Oct 26 2015 - 4:30pm

Instead of cuddling up in bed with a tub of Ben and Jerry's after a bad breakup, you can use that energy as fuel for your career. Our friends over at Career Contessa [1] share how to excel in your professional life even if your love life is in the dumps. Check it out below.

There's nothing like a breakup to make you feel like you're completely off course, but if you embrace the unwanted transition, it can motivate you to make daring decisions about your life and career.

There are a lot of things that women do after a breakup, and I've probably done them all. Going blonde? Check. Getting bangs? Check. Ben and Jerry's binge eating? Check. Unfortunate rebound decision? Chagrined check.

After a breakup, we tend to focus on what can give us immediate gratification — the sugar high or the shopping spree. When we talk about the long-term benefits of a breakup, it's usually with a hopeful or experienced tone. The lessons we learned, the wisdom of the "better to have loved and lost" clichés. What doesn't kill you makes you stronger — but only after a few months or years of heartache.

What we can miss those first few months in the shadows is the clarity breakups can bring.

Grief can make you hollow, but that leaves room to fill yourself with new experiences and emotions.

When everything seems to go wrong at once . . .

For me, ending a four-year relationship came at a time I can only describe as the proverbial fork in the road. Later, it seemed fortuitous — I was reaching a breaking point at work and my lease was coming to an end. I was clinging by my fingernails to everything that was slipping away, and probably for the wrong reasons.

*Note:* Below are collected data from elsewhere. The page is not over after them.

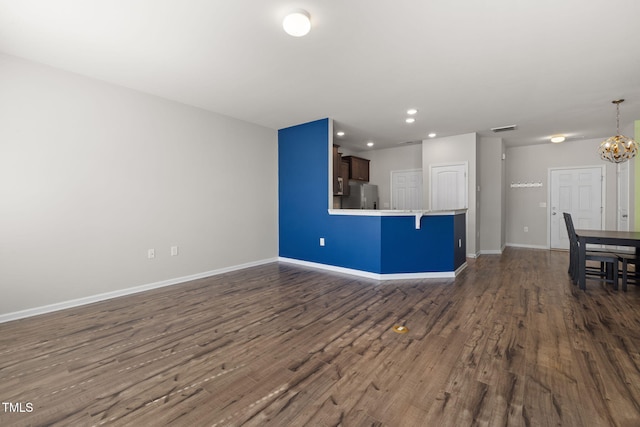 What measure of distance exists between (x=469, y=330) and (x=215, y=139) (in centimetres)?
431

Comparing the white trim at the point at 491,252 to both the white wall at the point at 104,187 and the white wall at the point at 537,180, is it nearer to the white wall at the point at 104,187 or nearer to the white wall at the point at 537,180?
the white wall at the point at 537,180

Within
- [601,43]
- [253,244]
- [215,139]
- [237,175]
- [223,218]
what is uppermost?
[601,43]

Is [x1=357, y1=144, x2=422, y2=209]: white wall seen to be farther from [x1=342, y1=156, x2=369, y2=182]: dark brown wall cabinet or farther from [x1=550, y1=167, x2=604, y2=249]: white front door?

The first thread that began to fray was my job. I had been working as a director in an advertising agency for the last two years, and I loved it . . . until I didn't. This decrease in love started slowly. There were changes within departments, demands increasing with little reward, and a permeating feeling of negativity amongst colleagues and supervisors. I was stretched thin — working 10-hour days at the office, just to go home and continue working late into the night. My health suffered, both physically and emotionally. My friendships waned; I was either too busy or too tired to make plans. I even distanced myself from my family, not wanting to admit how bad things had gotten.

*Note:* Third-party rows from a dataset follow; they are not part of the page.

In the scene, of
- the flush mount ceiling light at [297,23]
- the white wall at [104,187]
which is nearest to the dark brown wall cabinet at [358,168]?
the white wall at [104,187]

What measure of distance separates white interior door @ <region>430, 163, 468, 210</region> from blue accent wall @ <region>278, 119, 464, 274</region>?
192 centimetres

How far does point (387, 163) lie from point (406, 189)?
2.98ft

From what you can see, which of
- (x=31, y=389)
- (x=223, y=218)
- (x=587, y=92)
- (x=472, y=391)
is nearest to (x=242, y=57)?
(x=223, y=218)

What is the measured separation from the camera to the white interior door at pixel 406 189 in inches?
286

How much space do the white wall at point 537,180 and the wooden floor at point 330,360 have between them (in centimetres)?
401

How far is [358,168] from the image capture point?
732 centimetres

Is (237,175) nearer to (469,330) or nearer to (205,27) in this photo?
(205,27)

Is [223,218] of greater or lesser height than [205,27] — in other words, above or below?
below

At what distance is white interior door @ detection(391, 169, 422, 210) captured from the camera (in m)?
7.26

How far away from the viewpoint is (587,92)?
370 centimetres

Before the downhill slide, I thought I had found the career that would take me through to retirement. I loved my job and my company — I was the youngest director in their 19-year history — but I never felt like the kid at the adult's table. My opinion was not only heard, but requested. I was thriving in the fast-paced environment and with the high-strung client base. I echoed my boss's sentiments when interviewing hopefuls — you have to be cut out for the world of advertising.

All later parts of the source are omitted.